Advertisement

U.S. Commerce Department says it won't enforce ban for now, as TikTok sale deadline passes

The U.S. Department of Commerce has backed down from its previous order for Chinese-owned video-sharing platform TikTok to sell its assets in the United States or shut itself down.

The department said in a memo on Thursday that a court ruling has made it impossible to follow through on an order from the White House this summer that would have forbidden U.S. companies from providing any Internet services to TikTok, a social media platform that allows users to create and share short videos.

The company's Chinese owner, ByteDance, said that the original order would have effectively made it impossible for TikTok to operate in the U.S., where it has roughly 100 million users.

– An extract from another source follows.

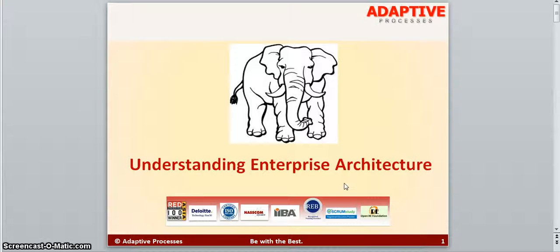Welcome to a SORT tutorial on Enterprise Architecture from Adaptive Processes. I am LN, and I work as the principal consultant with Adaptive. You may be a little surprised to see a picture of an elephant on the presentation, but don't worry — I will tell you about this elephant story a little later.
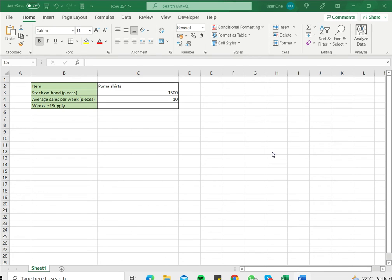How to calculate weeks of supply in Excel? Excel is well suited to manage the records of small businesses and you may choose to maintain your inventory in Excel.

The saga started over the summer when U.S. President Donald Trump railed against the company, saying it was a threat to national security because the user data would be controlled by a Chinese company. Trump signed an executive order that effectively forced the company to sell its U.S. operations to an American owner, or shut itself down by Thursday, Nov. 12.

On Oct. 30, Pennsylvania Judge Wendy Beetlestone ordered a temporary injunction against the ban on the grounds that the government's "descriptions of the national security threat posed by the TikTok app are phrased in the hypothetical."

That ruling could be appealed to a higher court, but on Thursday the Commerce Department said it was not planning on doing so unless directed to.

"The Department is complying with the terms of this order [and] accordingly, this serves as notice that the Secretary's prohibition of identified transactions pursuant to Executive Order 13942, related to TikTok ... WILL NOT GO INTO EFFECT, pending further legal developments."

ByteDance came up with a framework for a deal with Oracle in September, but now that U.S. lawmakers are no longer pursuing the order, that deal is likely to fall apart.